### What is required
Give again, unaltered, the lines of the listing below that run from the line having "Used 2025 Ford" through the line having "12237 Fairfield House".

### The records
+++++

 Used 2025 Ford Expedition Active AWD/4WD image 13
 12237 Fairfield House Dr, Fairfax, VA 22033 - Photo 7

+++++

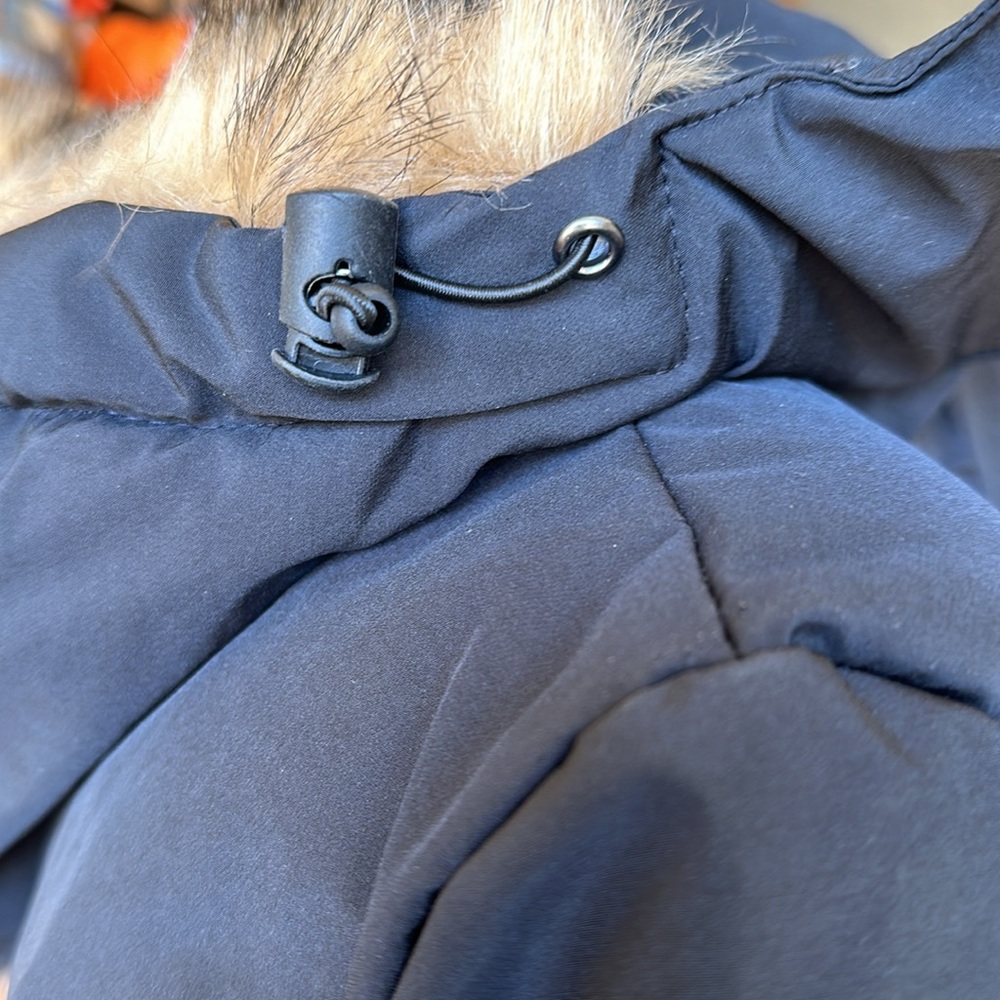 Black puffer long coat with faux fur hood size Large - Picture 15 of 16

+++++

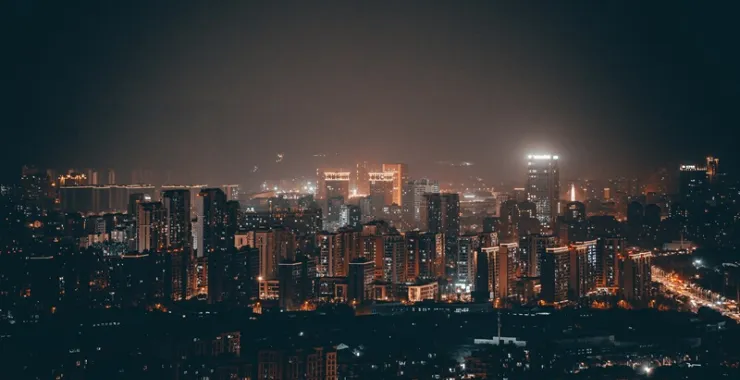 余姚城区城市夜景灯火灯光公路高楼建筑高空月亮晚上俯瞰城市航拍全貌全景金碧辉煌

+++++

### Reply to the exercise
 Used 2025 Ford Expedition Active AWD/4WD image 13
 12237 Fairfield House Dr, Fairfax, VA 22033 - Photo 7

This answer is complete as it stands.